**Task details**
Every line from the one with "Budding Yeast Gram Stain" to the end of the data needs to be copied exactly, and no line before it.
============================================================
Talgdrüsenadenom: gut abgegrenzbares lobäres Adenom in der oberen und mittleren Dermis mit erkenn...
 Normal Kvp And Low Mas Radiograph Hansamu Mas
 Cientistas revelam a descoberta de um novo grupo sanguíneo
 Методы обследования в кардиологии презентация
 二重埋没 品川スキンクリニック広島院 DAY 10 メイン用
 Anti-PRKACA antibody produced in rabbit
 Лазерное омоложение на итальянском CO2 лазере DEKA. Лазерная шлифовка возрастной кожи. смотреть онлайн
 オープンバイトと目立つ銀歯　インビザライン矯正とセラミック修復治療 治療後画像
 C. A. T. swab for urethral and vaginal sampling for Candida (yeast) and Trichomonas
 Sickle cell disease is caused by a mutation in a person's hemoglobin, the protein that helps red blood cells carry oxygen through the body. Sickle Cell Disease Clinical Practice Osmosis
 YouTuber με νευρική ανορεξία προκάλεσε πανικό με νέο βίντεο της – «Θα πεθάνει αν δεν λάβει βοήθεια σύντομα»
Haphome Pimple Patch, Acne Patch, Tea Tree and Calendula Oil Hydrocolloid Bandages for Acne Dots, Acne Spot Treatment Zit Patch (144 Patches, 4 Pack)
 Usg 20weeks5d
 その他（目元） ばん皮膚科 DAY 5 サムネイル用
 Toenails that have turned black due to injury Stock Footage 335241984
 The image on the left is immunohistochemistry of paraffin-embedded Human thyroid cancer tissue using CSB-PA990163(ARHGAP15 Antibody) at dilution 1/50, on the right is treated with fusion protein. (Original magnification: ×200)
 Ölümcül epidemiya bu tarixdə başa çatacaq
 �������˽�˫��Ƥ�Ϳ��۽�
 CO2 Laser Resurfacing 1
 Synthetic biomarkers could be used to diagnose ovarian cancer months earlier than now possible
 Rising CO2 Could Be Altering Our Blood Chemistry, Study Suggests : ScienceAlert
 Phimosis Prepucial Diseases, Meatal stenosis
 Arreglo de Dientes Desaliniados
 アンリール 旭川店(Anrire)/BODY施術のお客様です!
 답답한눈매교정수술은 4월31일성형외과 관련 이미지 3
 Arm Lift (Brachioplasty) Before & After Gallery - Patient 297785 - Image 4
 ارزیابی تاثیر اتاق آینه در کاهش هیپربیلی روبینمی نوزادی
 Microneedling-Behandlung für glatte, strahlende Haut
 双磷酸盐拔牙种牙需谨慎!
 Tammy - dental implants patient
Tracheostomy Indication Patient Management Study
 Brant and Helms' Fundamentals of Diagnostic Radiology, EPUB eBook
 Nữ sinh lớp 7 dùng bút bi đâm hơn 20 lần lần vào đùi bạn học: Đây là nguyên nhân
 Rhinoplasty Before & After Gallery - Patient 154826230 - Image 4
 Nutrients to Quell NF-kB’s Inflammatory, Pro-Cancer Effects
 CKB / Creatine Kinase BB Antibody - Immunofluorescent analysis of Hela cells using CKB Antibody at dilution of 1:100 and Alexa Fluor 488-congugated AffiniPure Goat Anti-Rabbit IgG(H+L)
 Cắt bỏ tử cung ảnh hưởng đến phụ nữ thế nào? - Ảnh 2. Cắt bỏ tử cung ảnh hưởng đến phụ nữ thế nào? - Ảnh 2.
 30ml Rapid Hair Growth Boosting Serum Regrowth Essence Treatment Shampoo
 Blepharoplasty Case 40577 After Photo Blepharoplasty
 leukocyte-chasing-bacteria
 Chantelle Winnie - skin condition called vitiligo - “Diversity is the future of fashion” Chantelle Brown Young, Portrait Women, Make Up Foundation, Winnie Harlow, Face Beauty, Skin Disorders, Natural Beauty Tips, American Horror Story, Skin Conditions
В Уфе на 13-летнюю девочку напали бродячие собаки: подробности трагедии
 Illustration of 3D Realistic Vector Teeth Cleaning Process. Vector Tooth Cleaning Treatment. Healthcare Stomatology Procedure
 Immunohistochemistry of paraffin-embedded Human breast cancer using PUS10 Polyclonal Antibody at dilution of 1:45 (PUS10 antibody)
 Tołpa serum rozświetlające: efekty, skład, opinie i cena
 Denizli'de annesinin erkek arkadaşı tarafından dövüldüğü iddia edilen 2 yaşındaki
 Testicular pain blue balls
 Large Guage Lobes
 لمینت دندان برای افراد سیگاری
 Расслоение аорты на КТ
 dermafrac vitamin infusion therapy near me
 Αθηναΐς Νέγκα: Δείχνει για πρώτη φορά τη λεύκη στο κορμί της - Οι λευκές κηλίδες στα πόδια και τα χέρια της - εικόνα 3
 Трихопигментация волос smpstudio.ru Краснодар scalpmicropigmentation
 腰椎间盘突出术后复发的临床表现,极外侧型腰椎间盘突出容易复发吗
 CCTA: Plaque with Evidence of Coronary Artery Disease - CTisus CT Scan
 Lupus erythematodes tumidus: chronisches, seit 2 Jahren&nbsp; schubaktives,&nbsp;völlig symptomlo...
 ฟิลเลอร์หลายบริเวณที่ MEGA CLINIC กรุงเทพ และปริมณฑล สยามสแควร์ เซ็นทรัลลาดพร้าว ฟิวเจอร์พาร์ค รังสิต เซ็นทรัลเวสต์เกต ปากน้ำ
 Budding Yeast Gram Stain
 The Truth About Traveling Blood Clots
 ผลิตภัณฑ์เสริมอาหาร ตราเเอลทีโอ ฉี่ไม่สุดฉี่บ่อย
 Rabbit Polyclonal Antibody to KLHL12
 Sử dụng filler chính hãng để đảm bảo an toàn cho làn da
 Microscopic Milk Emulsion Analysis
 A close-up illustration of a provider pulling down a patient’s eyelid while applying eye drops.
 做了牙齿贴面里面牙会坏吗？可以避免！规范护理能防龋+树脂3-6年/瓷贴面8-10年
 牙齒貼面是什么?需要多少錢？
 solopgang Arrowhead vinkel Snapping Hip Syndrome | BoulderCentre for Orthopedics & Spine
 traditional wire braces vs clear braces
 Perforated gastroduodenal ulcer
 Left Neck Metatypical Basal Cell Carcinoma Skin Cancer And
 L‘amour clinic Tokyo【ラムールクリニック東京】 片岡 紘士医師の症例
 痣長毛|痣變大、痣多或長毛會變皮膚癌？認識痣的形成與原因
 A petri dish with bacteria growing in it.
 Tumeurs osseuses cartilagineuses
============================================================
**Reply to the exercise**
 Budding Yeast Gram Stain
 The Truth About Traveling Blood Clots
 ผลิตภัณฑ์เสริมอาหาร ตราเเอลทีโอ ฉี่ไม่สุดฉี่บ่อย
 Rabbit Polyclonal Antibody to KLHL12
 Sử dụng filler chính hãng để đảm bảo an toàn cho làn da
 Microscopic Milk Emulsion Analysis
 A close-up illustration of a provider pulling down a patient’s eyelid while applying eye drops.
 做了牙齿贴面里面牙会坏吗？可以避免！规范护理能防龋+树脂3-6年/瓷贴面8-10年
 牙齒貼面是什么?需要多少錢？
 solopgang Arrowhead vinkel Snapping Hip Syndrome | BoulderCentre for Orthopedics & Spine
 traditional wire braces vs clear braces
 Perforated gastroduodenal ulcer
 Left Neck Metatypical Basal Cell Carcinoma Skin Cancer And
 L‘amour clinic Tokyo【ラムールクリニック東京】 片岡 紘士医師の症例
 痣長毛|痣變大、痣多或長毛會變皮膚癌？認識痣的形成與原因
 A petri dish with bacteria growing in it.
 Tumeurs osseuses cartilagineuses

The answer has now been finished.